■ Exercise description
Transcribe the whole listing exactly, but do not carry over its pictures.

■ Records supplied
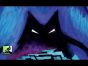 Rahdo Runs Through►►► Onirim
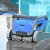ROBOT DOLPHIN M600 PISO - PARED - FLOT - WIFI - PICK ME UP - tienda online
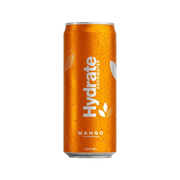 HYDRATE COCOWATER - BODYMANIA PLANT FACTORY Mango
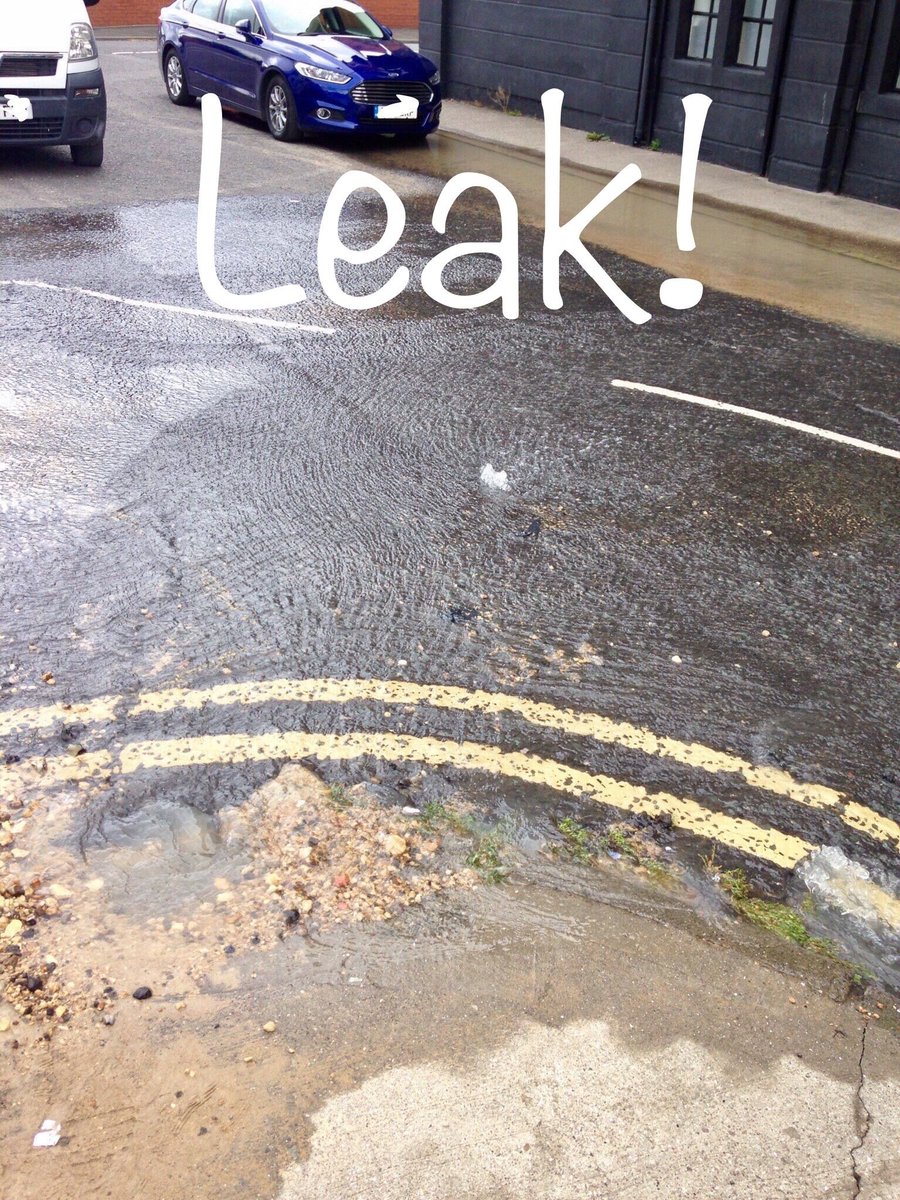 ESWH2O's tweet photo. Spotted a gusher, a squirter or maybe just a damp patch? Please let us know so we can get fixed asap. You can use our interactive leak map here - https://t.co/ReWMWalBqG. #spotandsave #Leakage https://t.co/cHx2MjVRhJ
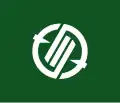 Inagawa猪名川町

■ Task answer
 Rahdo Runs Through►►► Onirim
ROBOT DOLPHIN M600 PISO - PARED - FLOT - WIFI - PICK ME UP - tienda online
 HYDRATE COCOWATER - BODYMANIA PLANT FACTORY Mango
 ESWH2O's tweet photo. Spotted a gusher, a squirter or maybe just a damp patch? Please let us know so we can get fixed asap. You can use our interactive leak map here - https://t.co/ReWMWalBqG. #spotandsave #Leakage https://t.co/cHx2MjVRhJ
 Inagawa猪名川町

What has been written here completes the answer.